Mike is a member of The Motley Fool Blog Network -- entries represent the personal opinion of the blogger and are not formally edited.

Resolute Forest Products (NYSE: RFP) is a global forest products company.  The stock trades around $14.00 and emerged from bankruptcy at the end of 2010.  High levels of debt in a period of weak demand in paper and forest products pushed RFP into bankruptcy protection.  Since emerging, housing and print media demand in North America has stabilized, but at lower levels.  RFP has caught the attention of Prem Watsa, often called the “Canadian Warren Buffett,” who now holds 18.4 million shares as of the latest 13D filing which accounts for over 24.8% of his fund’s holdings.  A position this size by an investor of his stature warrants further investigation by investors.

Resolute Forest Products Description

RFP is a player in the paper & forest products industry.  Peers include Weyerhaeuser (NYSE: WY), International Paper (NYSE: IP), Plum Creek Timber (PCL) and private players like Georgia-Pacific.  RFP is one of the smaller publicly traded firms but has one of the cleanest balance sheets as a result.  Weyerhaeuser has revenue of a $7 billion annually and has a $16.5 billion market value while RFP has about $4.5 billion in sales.  International Paper has sales of $27 billion and a market value of $18.3 billion.  Resolute’s debt to equity ratio is only 18 which is small compared to Weyerhaeuser and International Paper with D/E ratios of 104 and 170.  Resolute does have a pension liability that seems significant but the discount rate used in Canada is significant below that in US, inflating the size of the liability.   

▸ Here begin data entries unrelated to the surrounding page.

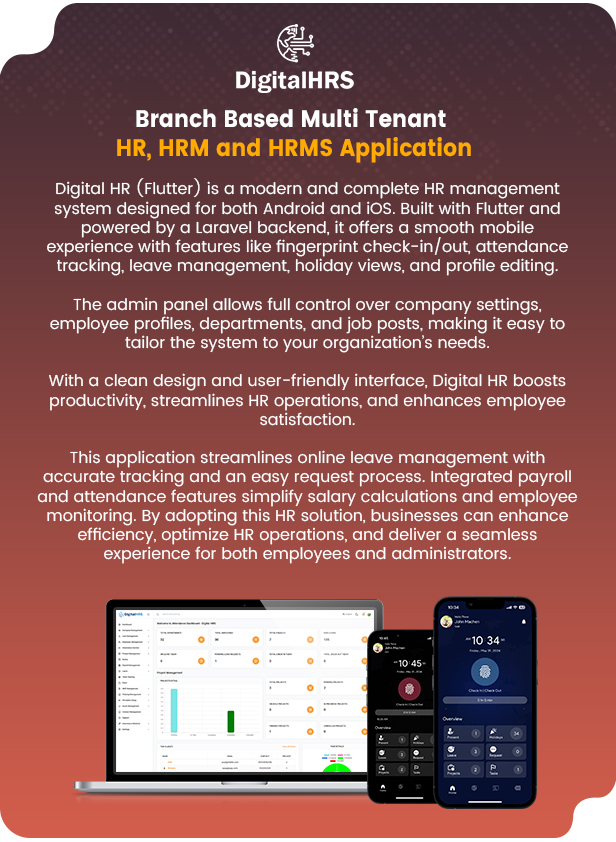DigitalHR - Branch Based Multi Tenant HR, HRM and HRMS Application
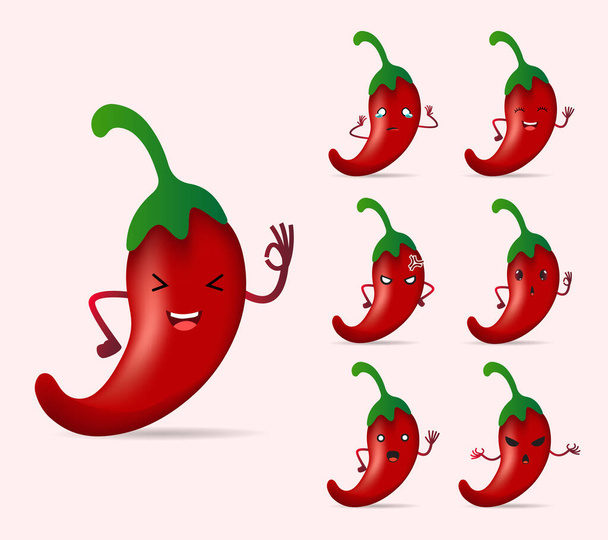 Lindo icono de diseño de carácter rojo chile con muchas expresiones diferentes. Colección de rojo picante chile icono de diseño - Vector, imagen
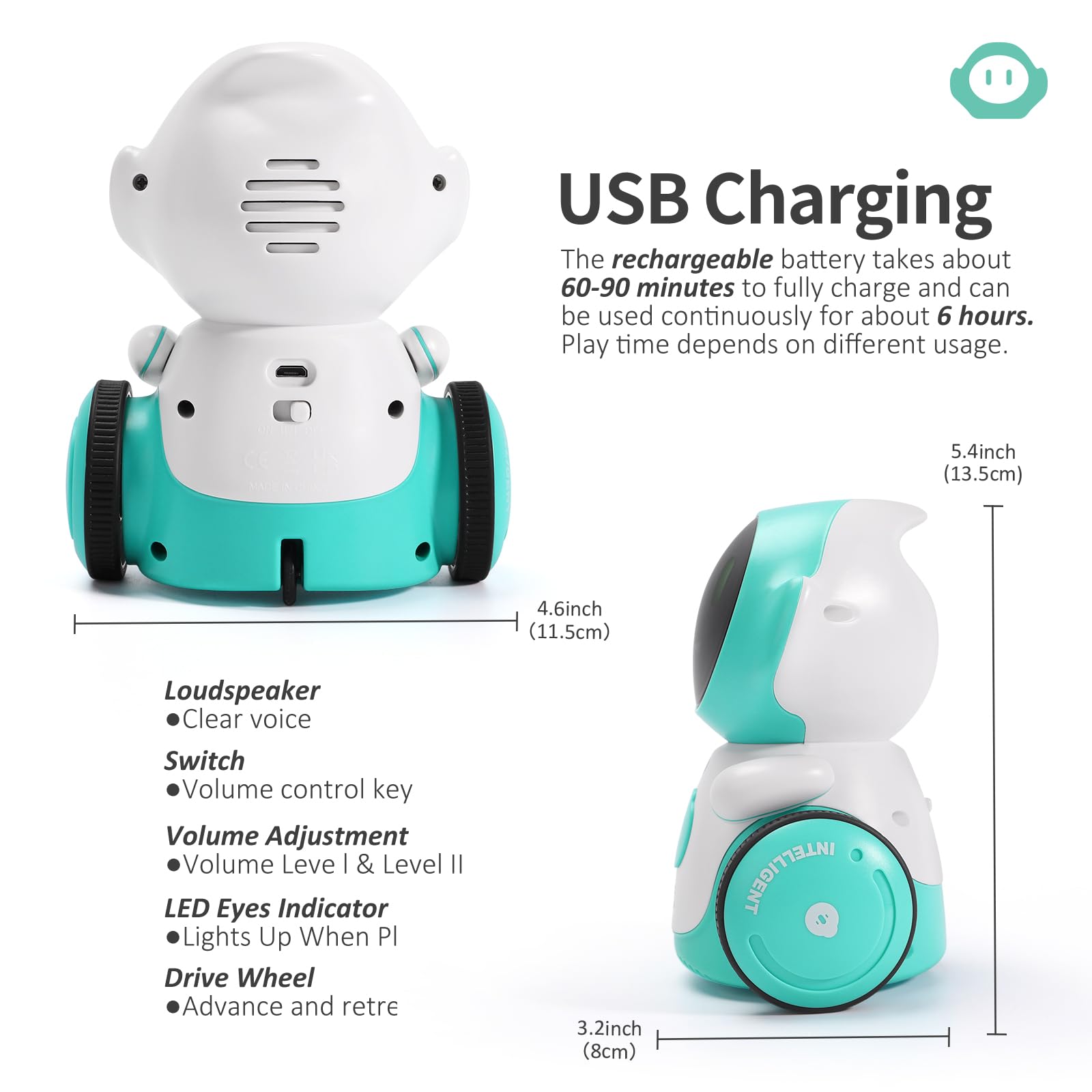 GILOBABY Interactive Robot for Kids Ages 3-8 – Rechargeable with Voice Control & Playback Mode – Educational Toy that Sings, Dances and Touch Control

Demand Trends Turning the Corner?

Two trends pushed RFP to bankruptcy.  The number of housing starts plummeted, which negatively impacted the lumber business.  Second, newsprint and print media were impacted by the recession and a secular trend towards digital media the US and Canada.  Wood products currently account for around 10% of sales.  The number of housing starts is rebounding (see on this chart) but remains below normalized levels, likely in the 1.2 – 1.4 million range.

The bigger question facing RFP is when and if their paper products market starts to recover, newsprint in particular which account for around a third of annual sales.  Prem Watsa among others, likely believe newsprint has bottomed out and demand will flatten out and may even start to grow based on export demand.  Recent data says otherwise and is concerning.  December North American newsprint stats show an increase of 5.9% in inventory levels month over month.  Shipments decline by 7% y/y but commercial print was up 20% y/y which offset softness elsewhere in the market.  Exports also declined in the December data by 15%y/y and accounted for 27% of volume.  The price of newsprint also appears to have declined in January by 15%.

The shares have had an upward trend since mid-November, but still remains below $15 where it traded in 1H12 and the 2011 high of close to $30.  The valuation looks attractive with an EV/EBITDA multiple of around 3.2x FY13 estimates.  A normal range for the industry is 4.5x-5.5x NTM EBITDA.  The firm repurchased shares in 2012, another positive indication of expectations on future cash flows and that management feels the shares are undervalued.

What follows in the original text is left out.